Toby talked himself into jobs at places with names like Lake Kiamesha and Shawanga Lodge and the Avon. He played Wildwood, New Jersey, and the B’nai B’rith and the Sons of Italy and Moose halls.
And he kept learning.
Toby’s act consisted of parodies of popular songs, imitations of Gable and Grant and Bogart and Cagney, and material stolen from the big-name comics who could afford expensive writers. All the struggling comics stole their material, and they bragged about it. “I’m doing Jerry Lester”—meaning they were using his material—“and I’m twice as good as he is.” “I’m doing Milton Berle.” “You should see my Red Skelton.”
Because material was the key, they stole only from the best.
Toby would try anything. He would fix the indifferent, hard-faced audience with his wistful blue eyes and say, “Did you ever see an Eskimo pee?” He would put his two hands in front of his fly, and ice cubes would dribble out.
He would put on a turban and wrap himself in a sheet. “Abdul, the snake charmer,” he would intone. He would play a flute, and out of a wicker basket a cobra began to appear, moving rhythmically to the music as Toby pulled wires. The snake’s body was a douche bag, and its head was the nozzle. There was always someone in the audience who thought it was funny.

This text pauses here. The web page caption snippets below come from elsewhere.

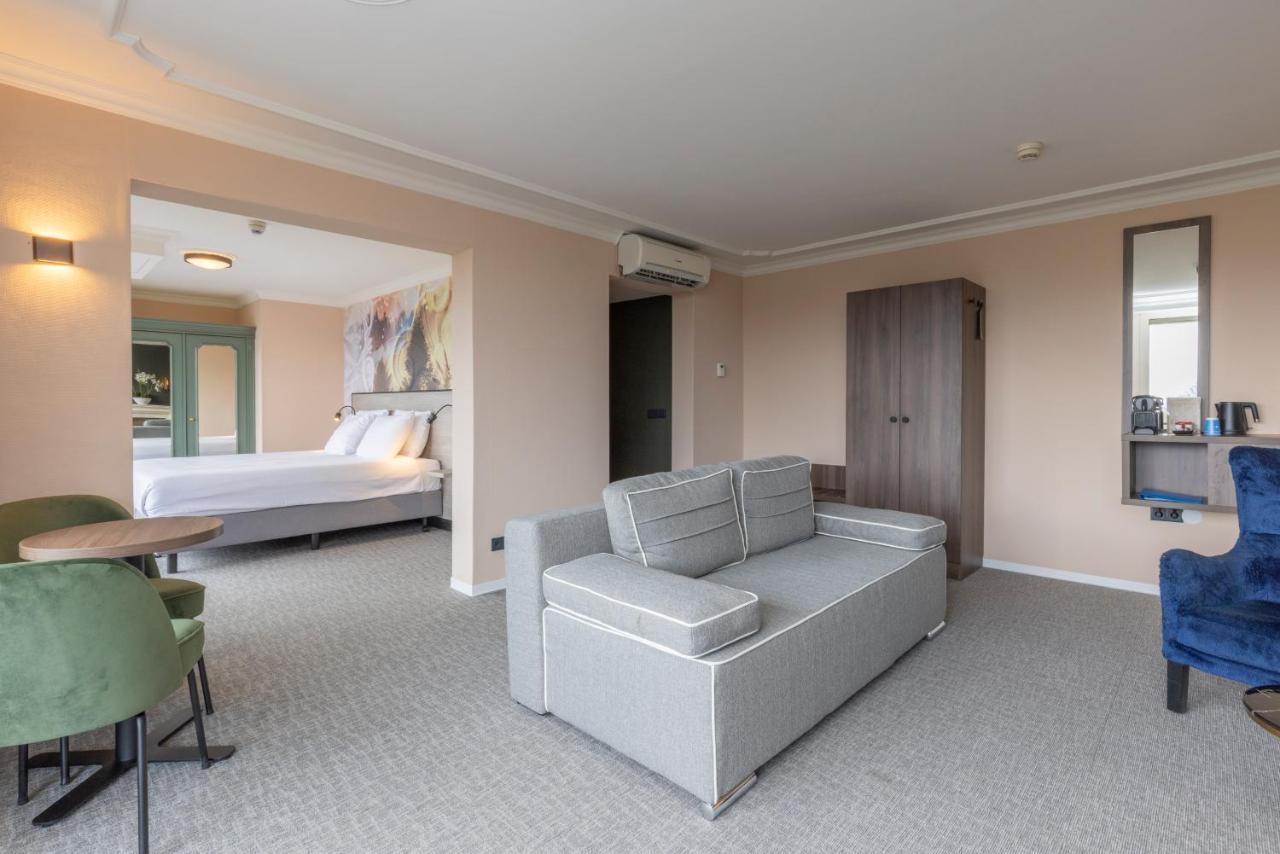 Fletcher Familiehotel De Hunzebergen Exloo Exteriör bild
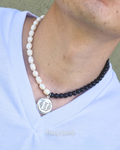 COLLAR RELICARIO CON PERLAS + PIEDRA ÓNIX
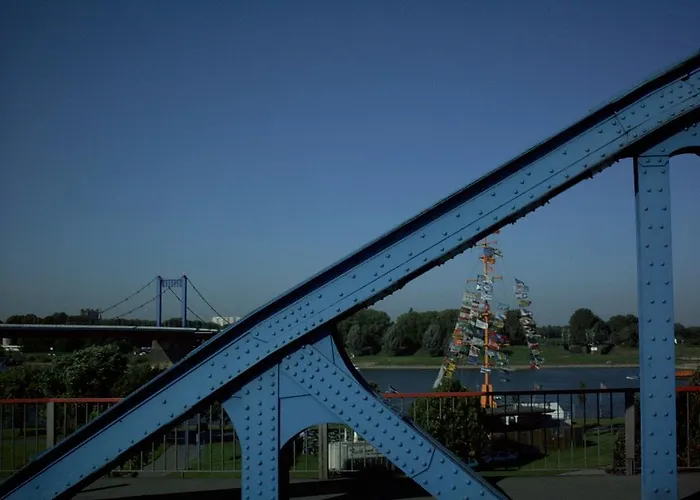 Am Freihafen Duisburg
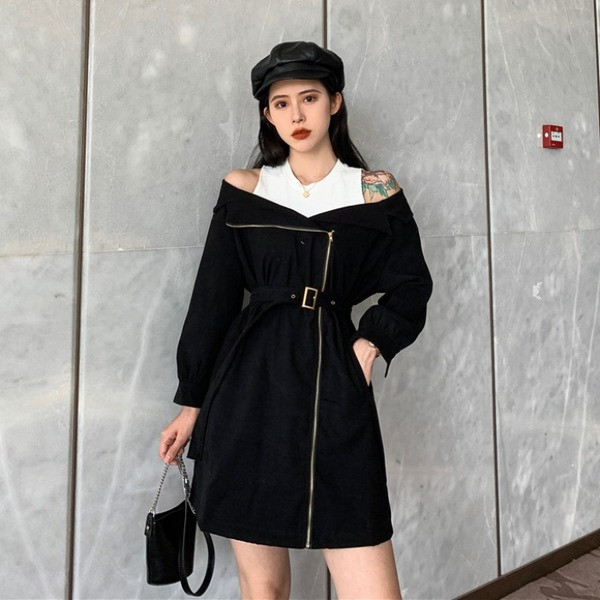 Modern női ruha csupasz vállval, két színben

He did the standards and the stockies and the platters, where you laid the jokes in their laps.
He had dozens of shticks. He had to be ready to switch from one bit to another, before the beer bottles started flying.
And no matter where he played, there was always the sound of a flushing toilet during his act.
Toby traveled across the country by bus. When he arrived at a new town he would check into the cheapest hotel or boardinghouse and size up the nightclubs and bars and horse parlors. He stuffed cardboard in the soles of his shoes and whitened his shirt collars with chalk to save on laundry. The towns were all dreary, and the food was always bad; but it was the loneliness that ate into him. He had no one. There was not a single person in the vast universe who cared whether he lived or died. He wrote to his father from time to time, but it was out of a sense of duty rather than love. Toby desperately needed someone to talk to, someone who would understand him, share his dreams with him.
He watched the successful entertainers leave the big clubs with their entourages and their beautiful, classy girls and drive off in shiny limousines, and Toby envied them. Someday…
The worst moments were when he flopped, when he was booed in the middle of his act, thrown out before he had a chance to get started. At those times Toby hated the people in the audience; he wanted to kill them. It wasn’t only that he had failed, it was that he had failed at the bottom. He could go down no further; he was there. He hid in his hotel room and cried and begged God to leave him alone, to take away his desire to stand in front of an audience and entertain them. God, he prayed, let me want to be a shoe salesman or a butcher. Anything but this. His mother had been wrong. God had not singled him out. He was never going to be famous. Tomorrow, he would find some other line of work. He would apply for a nine-to-five job in an office and live like a normal human being.